The only thing you need to explain to borrowers is that if your mortgage costs 4% per annum and it goes to 6% per annum , your instalments go up by half , or 50%
So if you are paying $600 a week for your hovel in Auckland , you need to find $900 a week at a 6% mortgage rate .
This is when people who have stuck their necks out , start to get into trouble
All the Ozzy banks are under quite a lot of pressure with huge numbers of over leverage home owners who tried to compete with foreign buyers on massively over priced property. Now we're in a fine mess.
Article, The Australian: Mortgage noose tipped to see property prices crash by 10 per cent
Quote: A crackdown on interest-only home lending could trigger price falls of up to 10 per cent in the red-hot markets of Sydney and Melbourne, economists warned yesterday.
“The latest moves by APRA, coming on the back of bank mortgage rate hikes over the last two weeks, the likelihood of action to boost affordability in the May budget (including a cut to the capital gains tax discount), and the surge in unit supply at a time of silly prices, are all likely to result in a slowdown in property price gains in Sydney and Melbourne this year ahead of a 5-10 per cent price fall starting next year some time,” he said.
http://www.theaustralian.com.au/business/property/mortgage-noose-tipped…
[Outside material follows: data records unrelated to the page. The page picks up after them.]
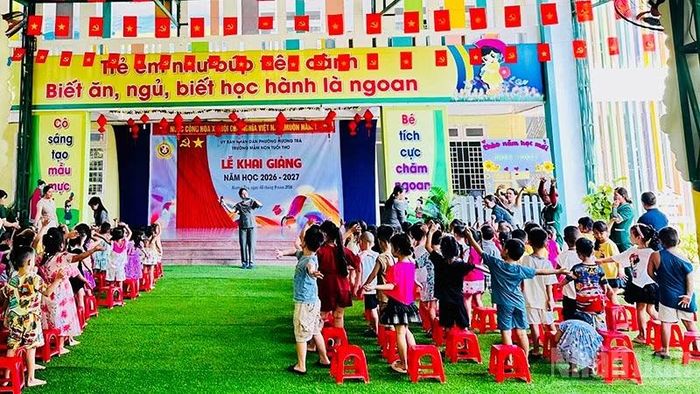 Năm học 2026-2027, trên địa bàn phường Hương Trà có 5 trường học, gồm 3 trường công lập. (Ảnh: Anh Quân)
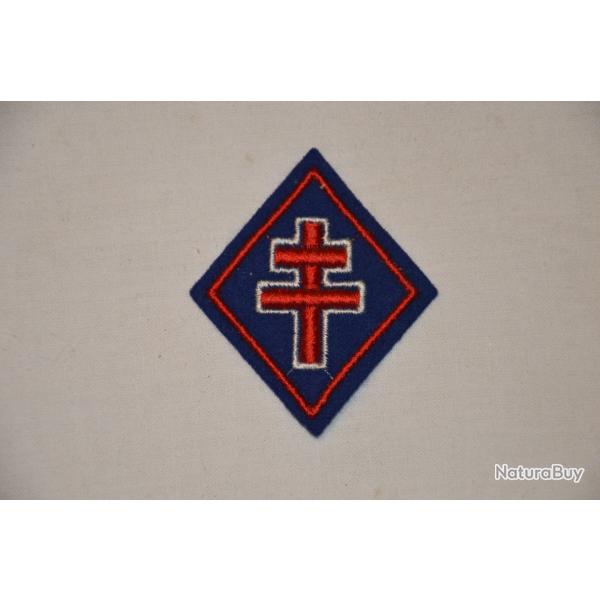 INSIGNE FORCE FRANCAISE LIBRE-1� DIVISION FRANCAISE LIBRE-1�DFL-LIBERATION-FFL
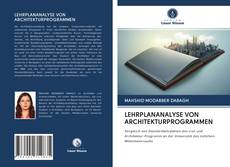 Buchcover von LEHRPLANANALYSE VON ARCHITEKTURPROGRAMMEN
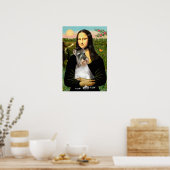 Schnauzer 11N - Mona Lisa Poster (Küche)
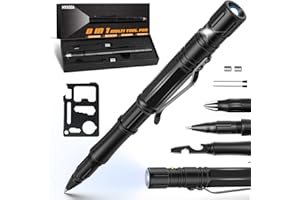 HYASIA Geschenke für Männer Tactical Pen, Männergeschenke Vatertagsgeschenk 11 in 1 Taktischer Ttift mit Led Coole Gadgets für Männer, Geschenke für Papa Opa Geburtstagsgeschenk Geschenke Weihnachten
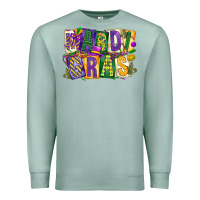 Seafoam mardi  gras Premium Sweatshirt - CowGirlArtShop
David it would be interesting to see a plot of time vs. mortgage interest rates as an index or average of the major NZ banks for floating, 1 year and 2 years fixed. Then overlay the OCR. I think that would really show the magnitude/trend and what's going on. Just my two cents.
Paradox - go to page 19 of the RBNZ's last MPS and view and understand the bottom left graph, that's the major part of the banks problem
http://www.rbnz.govt.nz/-/media/ReserveBank/Files/Publications/Monetary…
Why float at 5.95% , when you can fix for 6 months at 4.19%? If you cant manage your finances for 6 months ( more likely the first 3 months, after which I reckon you would still come out ahead if you had to break and pay break fees), then i would say you are in deep poo regardless.
I suppose what it really effects is the revolving credit type mortgages, which seem to be based on the floating rate.
Originally, the idea of the floating rate was that the borrower took more risk, but benefited from rate movements downwards, while accepting the risk of hikes, but now floating has a hefty premium built continually in to encourage borrowers to get locked in with lower fixed rates.
Paying down extra house debt on a regular basis will reduce the total amount of interest paid versus balloon payments in the long run.
I don't own a house so raiding the coffers isn't a problem for me! :) It would be a problem for less financially savvy people, though.
So, currently, what is the 'reward' for borrowers to float?
Under the current deflationary, low interest environment, will 'floating' ever fall? Or ever be lower than any fixed rates?
The only benefit seems to be to allow flexibility to allow the borrower to switch banks and to repay extra anytime. There are no rate benefits.